[Data extract Boundary: Start]
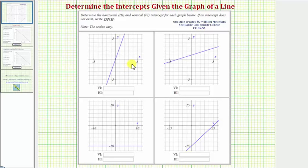In this question, we're asked to determine the horizontal and vertical intercepts for each graph. And if there is no intercept, we enter D and E.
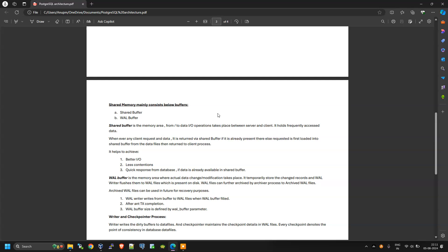The shared memory area has mainly two parts: the shared buffer and the WAL buffer. WAL stands for write-ahead log. The shared buffer is the memory area where I/O operations take place between the server and the client — it holds frequently accessed data, just like the database buffer cache in Oracle. Whenever any client requests data, it is returned via the shared buffer if already present there; otherwise the requested data is first loaded into the shared buffer from the data files on the mount points or file system, then returned to the client. This helps achieve better I/O, less contention, and quicker response from the database.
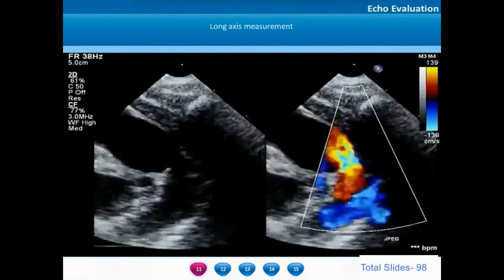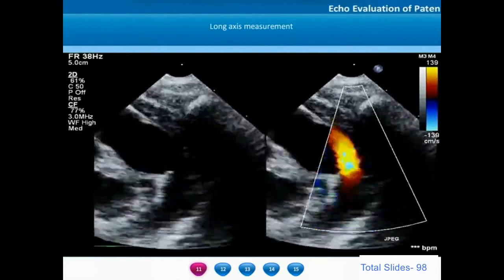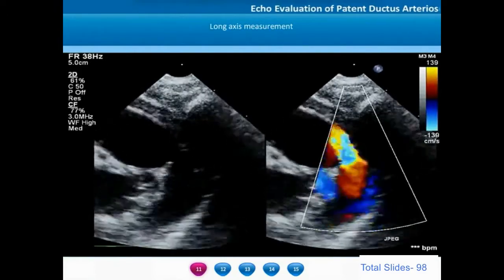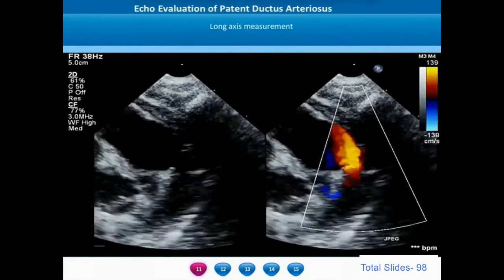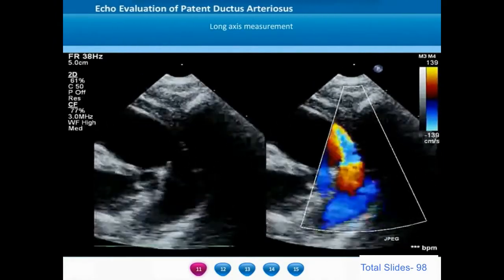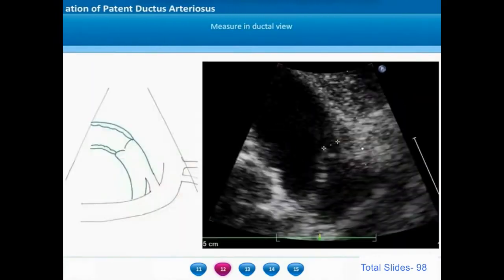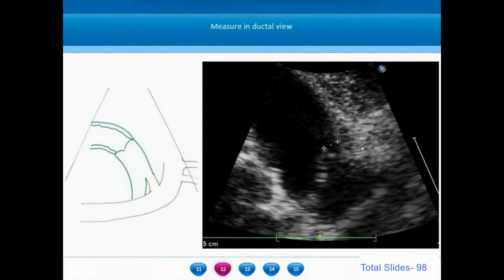Once we get this view, we freeze the frame which has the maximum size of the ductus and then measure it. This is how the ductus is measured at the pulmonary artery end — cursors are placed on either end of the ductus in this ductal view and the measurement is taken.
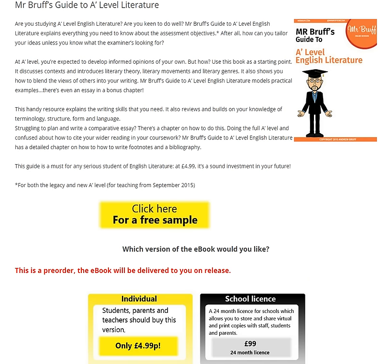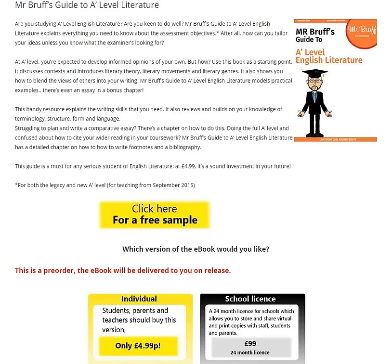Schools can pick up a licensed edition for just £99, which gives you the ability to give free copies to all staff, students and parents. Obviously £99 is a bargain considering the book itself is £4.99. It will be available on Amazon in September as a Kindle edition, but if you want to get the pre-order, that's exclusively here at mrbrough.com — I'll put the link in the description below.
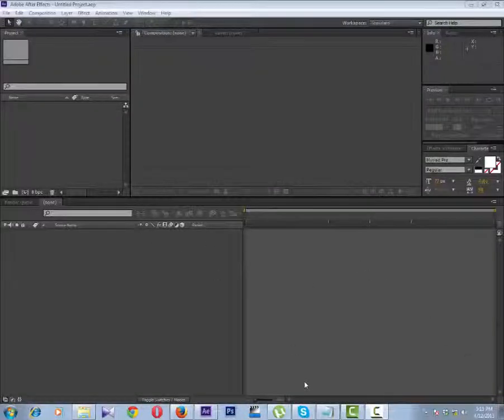Hello. Today we will learn how to create timecode in an After Effects composition.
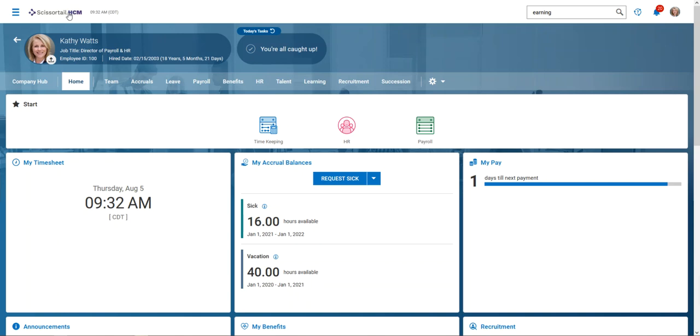This video shows how to add a deduction that has a goal, similar to a court order or 401k loan scenario. I've logged into the demo company as Kathy Watts, the administrator, and she's received a court order for a student loan on one of our employees.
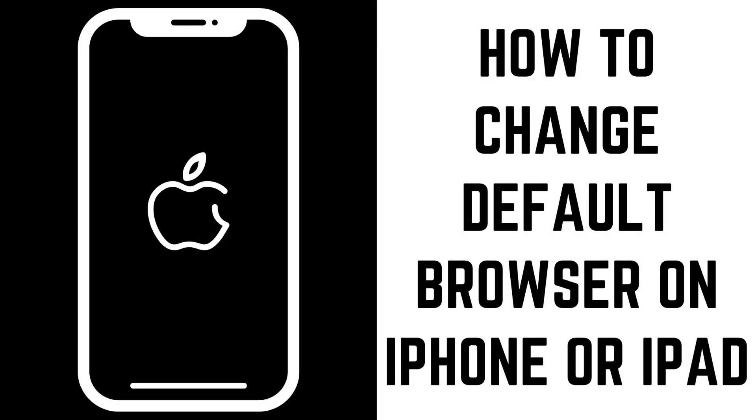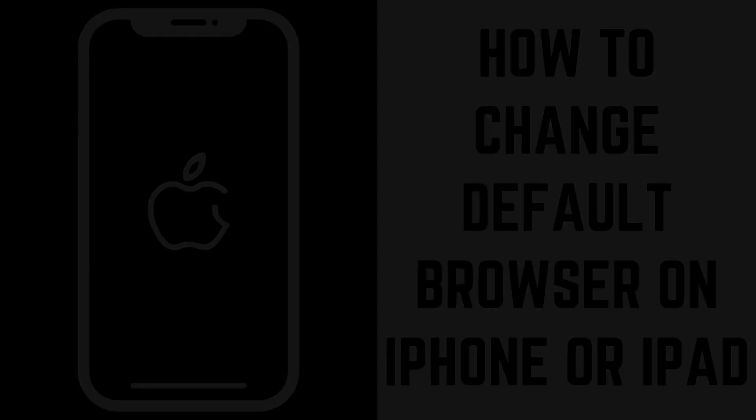Hey everyone. I'm Max Dalton, and in this video I'll show you how to change your default browser on your Apple iPhone or iPad.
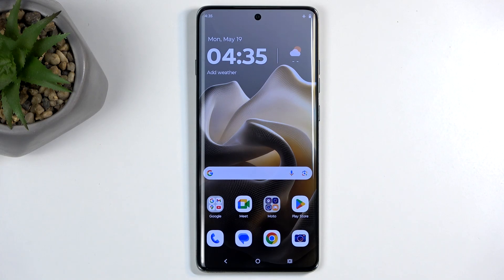Welcome everyone, my name is Marula. Today I'll show you how we can capture a screenshot on the Edge 60 Pro.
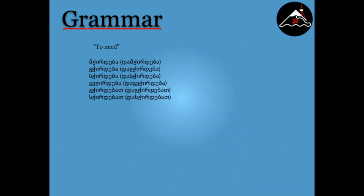Here is how to say to need. Miqirdeba, gkordeba, shchirdeba, gvirdeba, gkordebat, schirdebat.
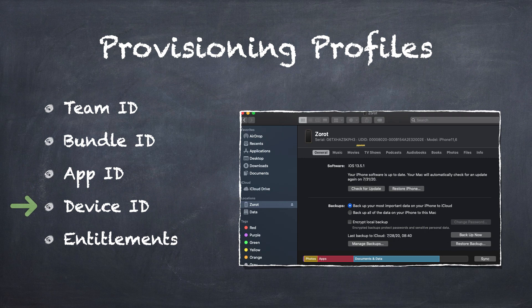Device ID: every iOS device has a unique identifier also called UDID. With UDID, each iOS device can be found uniquely. Basically, UDID is a 40-character-long number made up of a combination of numbers and letters. Like devices, each simulator also has a unique UDID. We can find device UDID by attaching the device to Mac and using iTunes.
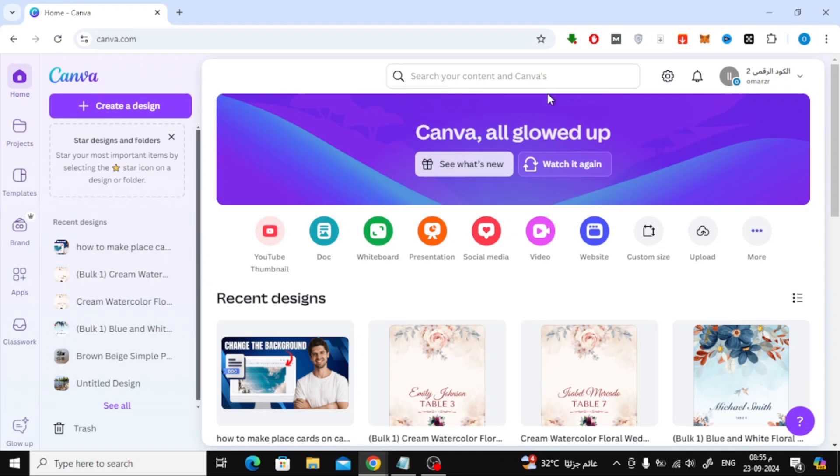In today's video, I'm going to show you how to create a size chart on Canva. Whether you're designing for a t-shirt or any other clothing item, this tutorial will guide you through each step.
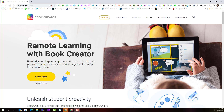Hi everyone, let's take a closer look at how we can use the free version of Book Creator online in Google Chrome in order to create interactive yearbooks to celebrate the end of the school year.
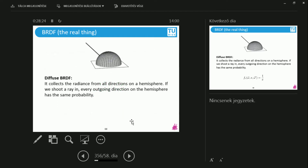Now let's talk about the real deal — the real physically based BRDF models. How does a diffuse BRDF look like? FR is the BRDF; omega and omega prime are the incoming and outgoing directions; x is a point on the object. The diffuse BRDF is just a number — 1 over pi. This is weird because I'm used to formulae like L dot n with variables. But this is just a number. What do I do with this number?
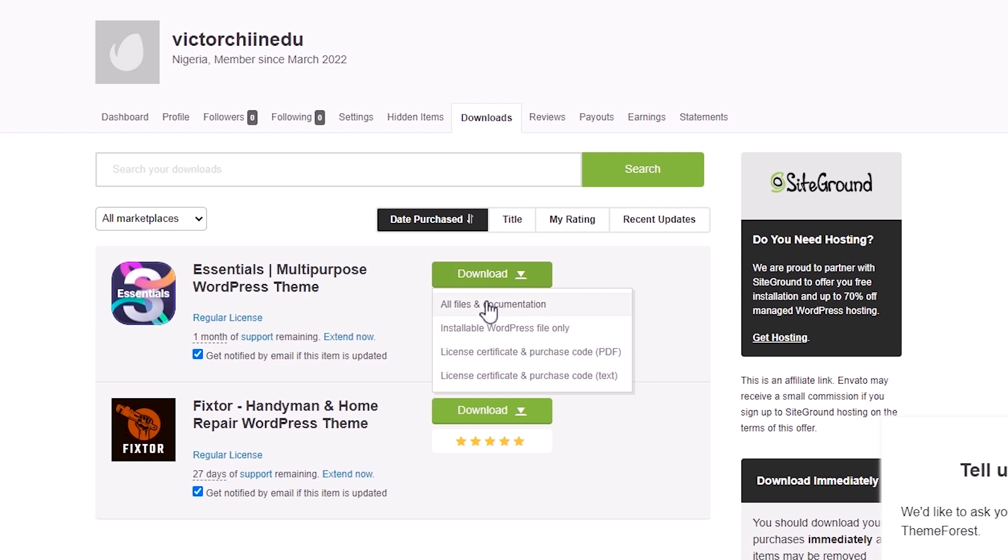I'll recommend going with All Files and Documentation, so you get to download all files at once, including the theme's license key, and in some cases, followed with Documentation. So, select All Files and Documentation.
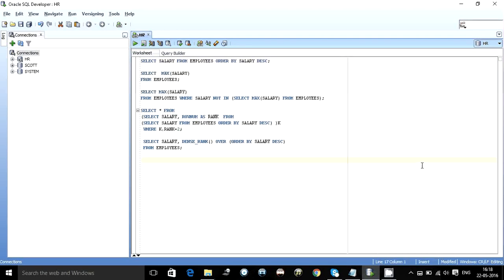Hello guys, this is Kishan. This video is to understand the dense rank function, the use of row_num in ordering, and the most basic interview question of finding the maximum salary or the second maximum salary from a table.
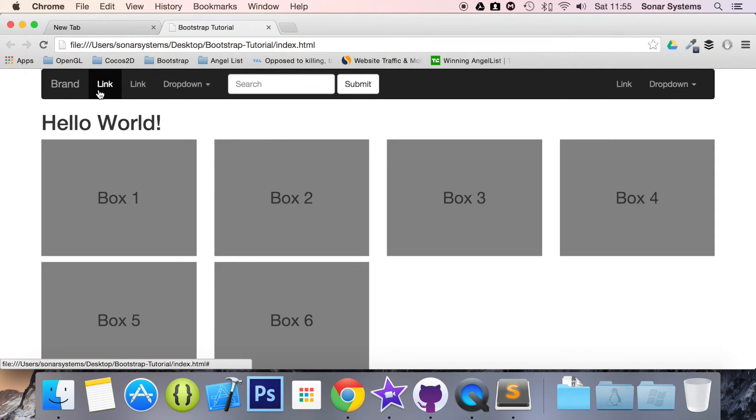Because we're using built-in classes from Bootstrap, they all work really well together. It's that simple to invert your navbar.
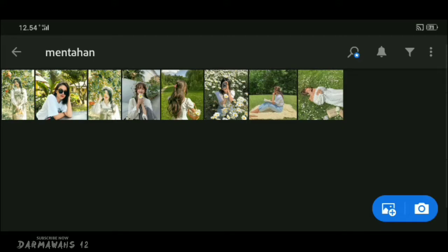Halo teman-teman semua, selamat datang kembali di channel saya. Pada kesempatan video kali ini saya ingin berbagi tutorial untuk kalian bagaimana cara membuat filter pitch grey menggunakan aplikasi Lightroom. Untuk contoh filternya seperti yang kalian lihat pada awal video tadi. Filter ini bisa kalian pakai buat foto di luar ruangan yang berdekatan dengan tumbuhan, karena pada bagian ini kita akan mengubah warna tumbuhan menjadi abu-abu.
[Data extract Boundary: End]
Transcribe all the records above word for word, without their images.

**Answer to the exercise**
In this question, we're asked to determine the horizontal and vertical intercepts for each graph. And if there is no intercept, we enter D and E.
The shared memory area has mainly two parts: the shared buffer and the WAL buffer. WAL stands for write-ahead log. The shared buffer is the memory area where I/O operations take place between the server and the client — it holds frequently accessed data, just like the database buffer cache in Oracle. Whenever any client requests data, it is returned via the shared buffer if already present there; otherwise the requested data is first loaded into the shared buffer from the data files on the mount points or file system, then returned to the client. This helps achieve better I/O, less contention, and quicker response from the database.
Once we get this view, we freeze the frame which has the maximum size of the ductus and then measure it. This is how the ductus is measured at the pulmonary artery end — cursors are placed on either end of the ductus in this ductal view and the measurement is taken.
Schools can pick up a licensed edition for just £99, which gives you the ability to give free copies to all staff, students and parents. Obviously £99 is a bargain considering the book itself is £4.99. It will be available on Amazon in September as a Kindle edition, but if you want to get the pre-order, that's exclusively here at mrbrough.com — I'll put the link in the description below.
Hello. Today we will learn how to create timecode in an After Effects composition.
This video shows how to add a deduction that has a goal, similar to a court order or 401k loan scenario. I've logged into the demo company as Kathy Watts, the administrator, and she's received a court order for a student loan on one of our employees.
Hey everyone. I'm Max Dalton, and in this video I'll show you how to change your default browser on your Apple iPhone or iPad.
Welcome everyone, my name is Marula. Today I'll show you how we can capture a screenshot on the Edge 60 Pro.
Here is how to say to need. Miqirdeba, gkordeba, shchirdeba, gvirdeba, gkordebat, schirdebat.
Device ID: every iOS device has a unique identifier also called UDID. With UDID, each iOS device can be found uniquely. Basically, UDID is a 40-character-long number made up of a combination of numbers and letters. Like devices, each simulator also has a unique UDID. We can find device UDID by attaching the device to Mac and using iTunes.
In today's video, I'm going to show you how to create a size chart on Canva. Whether you're designing for a t-shirt or any other clothing item, this tutorial will guide you through each step.
Hi everyone, let's take a closer look at how we can use the free version of Book Creator online in Google Chrome in order to create interactive yearbooks to celebrate the end of the school year.
Now let's talk about the real deal — the real physically based BRDF models. How does a diffuse BRDF look like? FR is the BRDF; omega and omega prime are the incoming and outgoing directions; x is a point on the object. The diffuse BRDF is just a number — 1 over pi. This is weird because I'm used to formulae like L dot n with variables. But this is just a number. What do I do with this number?
I'll recommend going with All Files and Documentation, so you get to download all files at once, including the theme's license key, and in some cases, followed with Documentation. So, select All Files and Documentation.
Hello guys, this is Kishan. This video is to understand the dense rank function, the use of row_num in ordering, and the most basic interview question of finding the maximum salary or the second maximum salary from a table.
Because we're using built-in classes from Bootstrap, they all work really well together. It's that simple to invert your navbar.
Halo teman-teman semua, selamat datang kembali di channel saya. Pada kesempatan video kali ini saya ingin berbagi tutorial untuk kalian bagaimana cara membuat filter pitch grey menggunakan aplikasi Lightroom. Untuk contoh filternya seperti yang kalian lihat pada awal video tadi. Filter ini bisa kalian pakai buat foto di luar ruangan yang berdekatan dengan tumbuhan, karena pada bagian ini kita akan mengubah warna tumbuhan menjadi abu-abu.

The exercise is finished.